As the first step towards ending the war, the Socialist Equality Party demands the immediate and unconditional withdrawal of all Sri Lankan security forces from the war zones of the North and East. The tens of thousands of soldiers and police in these areas function as an army of occupation that is despised and hated by the Tamil population for its systematic persecution, arbitrary arrests, torture and killings. The call for an end to this oppression will serve as a powerful pole of attraction for all those throughout the island who want to establish peace and defend basic democratic rights.

To resolve all outstanding democratic issues, the SEP calls for a genuine, democratically-elected constituent assembly to draw up a new constitution for the ending of all forms of discrimination based on language, religion, caste and sex and to guarantee democratic rights for all. The SEP’s policy has nothing in common with the bogus parliamentary exercises carried out in 1972 and 1978 to impose anti-democratic constitutions on the Sri Lankan people. The SEP demands the annulment of all repressive laws including the Public Security Act and the Prevention of Terrorism Act.

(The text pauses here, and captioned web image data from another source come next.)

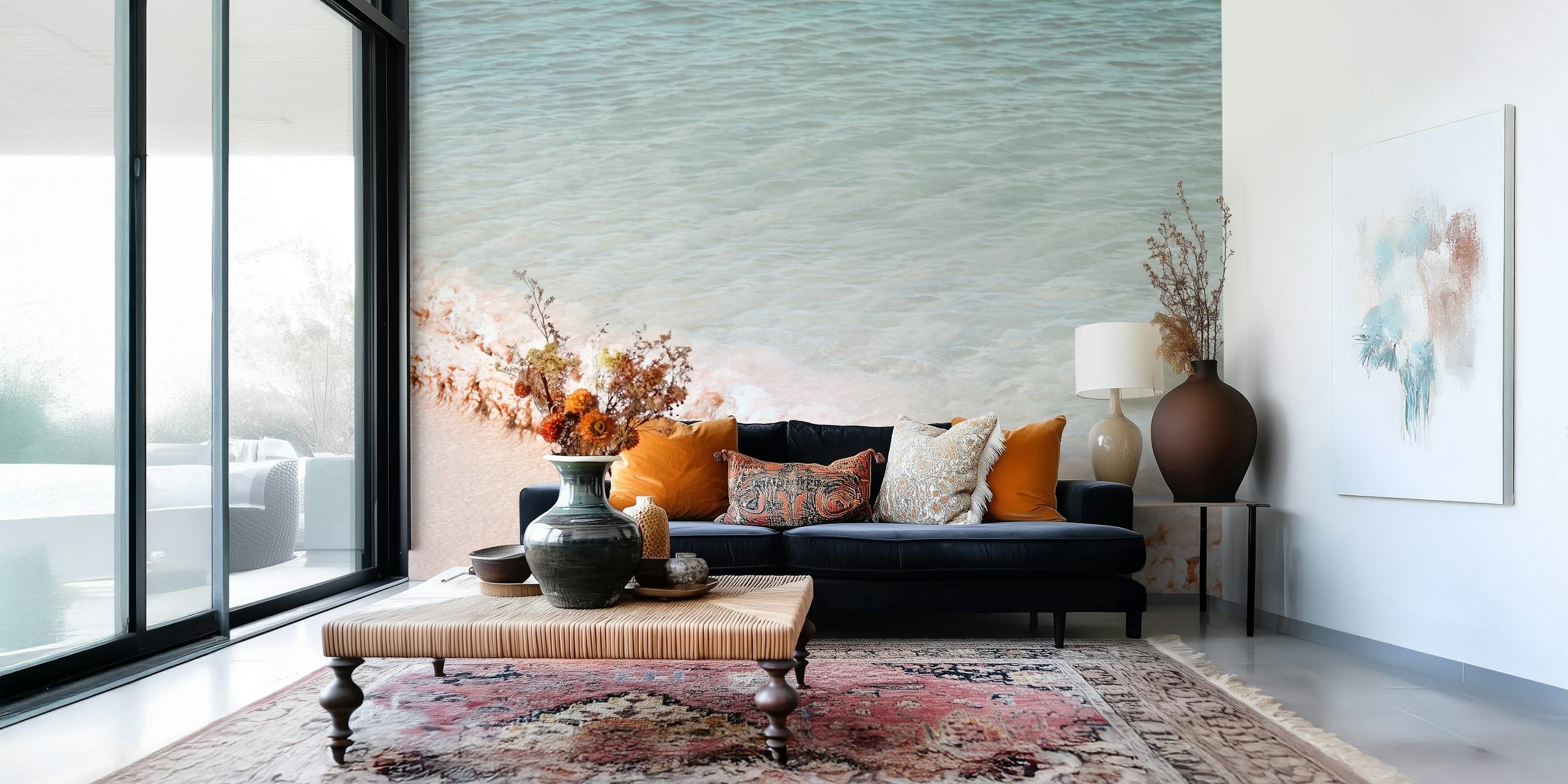 Coastal beach wallpaper showing gentle ocean waves in soft blues and sandy tones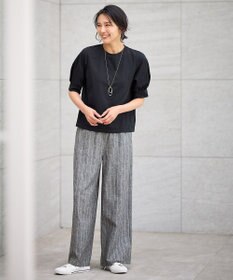 ANY 【ウエストゴム】リネンレーヨンワイドパンツ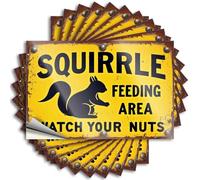 Car Stickers and Decals Squirrel Feeding Area: Watch Your Nuts Stickers 10Pcs Toolbox Stickers and Decals Decal Stickers for Car(12X18CM)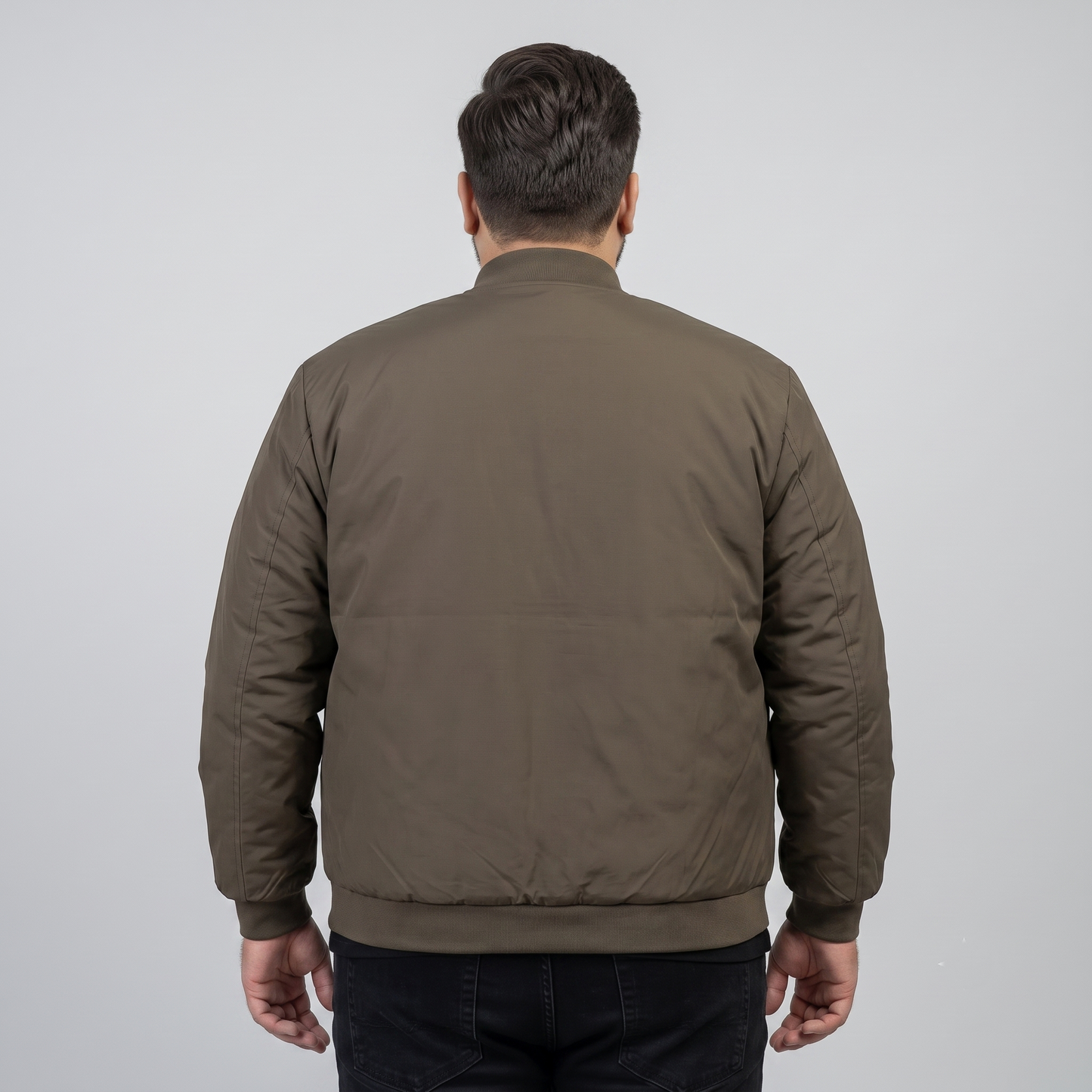 Classic Brown Plus-Size Bomber Jacket – Matte Finish PSM-10082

Genuine democracy means more than the formal equality of the bourgeois legal system and parliamentary elections, which always favour the rich and privileged. The economic foundation of society must be transformed to serve the interests of the broad masses of working people. That is why the SEP advocates a socialist program to place all the major financial, industrial and trading enterprises under democratic, public ownership and control, to meet the needs of the vast majority of society, not the profits of the wealthy few.

Socialism cannot be achieved on a single, small island in South Asia, nor, indeed, in any isolated nation, large or small. The struggle for socialism is necessarily international. The only alternative to the predatory activities of global capitalism is a unified international counteroffensive by the working class to refashion society along socialist lines. The struggle for a Socialist Republic of Sri Lanka and Eelam is a component of the wider struggle for the United Socialist States of South Asia. This is the program fought for by the International Committee of the Fourth International (ICFI) through the World Socialist Web Site.

The SEP, founded as the Revolutionary Communist League in 1968, is the Sri Lankan section of the ICFI, which has consistently championed the democratic and social rights of the working class and oppressed people. We call on all those who aspire to peace and oppose the assault on democratic and social rights to read the WSWS and to join and build the SEP.